Best of luck in the NBA, Lance.

Thursday, March 11, 2010

Heartbreak city

I really don't know what to say after a loss like that.

I mean, there are a lot of things to be said -- some good, some bad -- but I don't think I could put them into comprehensible sentences right now.

I don't understand what Dion Dixon was doing, but I feel for the kid. Hopefully it's something he can build on positively, both in his basketball career and his life.

Yeah .... what a tough loss. It's amazing how quickly all of the hope and optimism -- for a huge win and a realistic shot at the NCAA tournament -- can go out the window in a matter of six seconds. What a helpless feeling it is to watch it unravel.

Thursday, March 4, 2010

Stephenson staying?

I missed Bill Koch's piece from a few weeks ago, but in it Lance Stephenson says:

“I think I’m going to stay and keep working,” Stephenson said. “I don’t think I’ve had an NBA season this year so the best choice for me is to stay.”
In what has been another dismal finish to a season, finally some good news. Getting an extra year of Lance Stephenson is at least some consolation for what could be another lost season. Stephenson has shown flashes of brilliance to go along with plenty of freshman struggles. It's definitely fun to think about how good he might be this time next year, hopefully still here at Cincinnati.

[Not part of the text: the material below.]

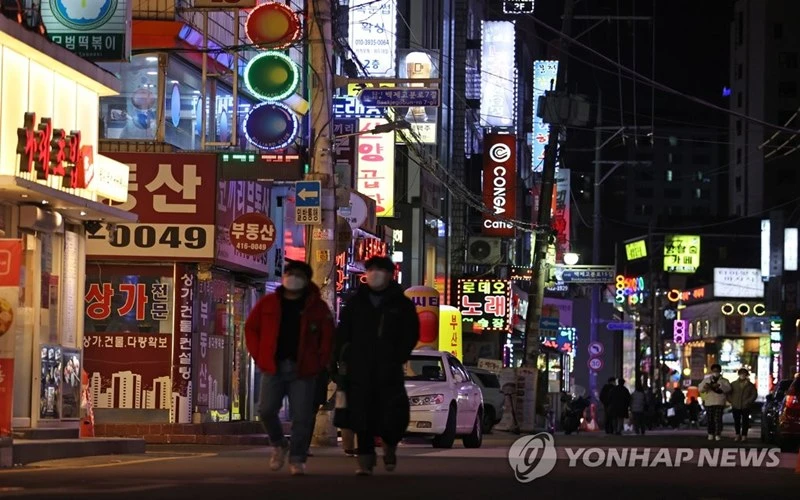 Từ ngày 15-2, thủ đô Seoul của Hàn Quốc bắt đầu nới lỏng quy định giãn cách xã hội đối với nhà hàng và quán cà-phê. (Ảnh: Yonhap)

On the year, he's averaged 12/5/2.4 in 28 minutes a game. He's shooting 44% from the field, but just under 20% on threes. His 98 Offensive Rating is fifth on the Bearcats.

Sunday, January 31, 2010

Cash money

Cashmere Wright scored a career-high 24 points (on 9-11 shooting) to spark Cincinnati to a 92-88 win over Providence on Saturday night. Wright also recorded five assists, no turnovers, three steals, and four rebounds.

Cincinnati's offense, in general, was tremendous all night, scoring 92 points in 79 possessions. They shot 57% from the field, and 44% (8-18) from three-point range. They did, however, struggle at the line again, with an embarrassing 20-41 performance that allowed Providence to make a game of it late.

Rashad Bishop went 3-3 from deep, scoring 16 points on nine shots. He also added six rebounds. Lance Stephenson quietly had a solid game with 12 points and a team-high nine rebounds. Deonta Vaughn scored just 12 points on eight shots, and went 5-10 at the line (where he had been shooting nearly 90% all year).

The Providence defense is 15th in the Big East, according to Pomeroy's ratings, so it is not surprising that Cincy had a great night offensively (though it's still very encouraging). Conversely, their offense is very talented, ranking 27th in the country. After making their first six three pointers, though, they went just 7-28 from beyond the arc the rest of the night.

What we saw on Saturday night was not a familiar sight : a fast-paced, high scoring game that Cincinnati clearly took control of. The defense was not up to par, but offensively they showed that they can win a shootout.

Thursday, January 21, 2010

Can ya say offense?

Cincinnati rolled over South Florida earlier tonight, 78-70. Sure, they only won by eight points, but for the most part they controlled the game, maintaining a ~ten point advantage throughout the second half.

The offense finally came to life, as Cincy shot 56% overall and 36% from beyond the arc. They were led by the sharp shooting of Deonta Vaughn (20 points on 10 field goals), Rashad Bishop (15 pts/11 fgs), and Jaquon Parker (15 pts/8fgs). Those three also combined for 12 rebounds, 12 assists, and only 2 turnovers.

Yancy Gates played only 10 minutes due to foul trouble, but did score 8 points and grab 2 bounds. Lance Stephenson did not play because of a sore ankle.

The offensive efficiency is promising because South Florida is a pretty solid defense, 50th in the nation in Pomeroy’s adjusted efficiency. Cincinnati shot the three ball relatively well in the first half, hitting 4 of 11 from long range, but what you have to like is that, despite that, they went inside in the second half. They shot 14-21 on two point point field goals in the second half, and only attempted 3 threes. They also got to the line 14 times (though only converted on 6 of those attempts).

Overall, it was nice to see some solid offensive play, mixing the occasional three point attempt with some easy buckets down low. The defense was not quite up to par, but tonight, for once, the offense picked up the slack.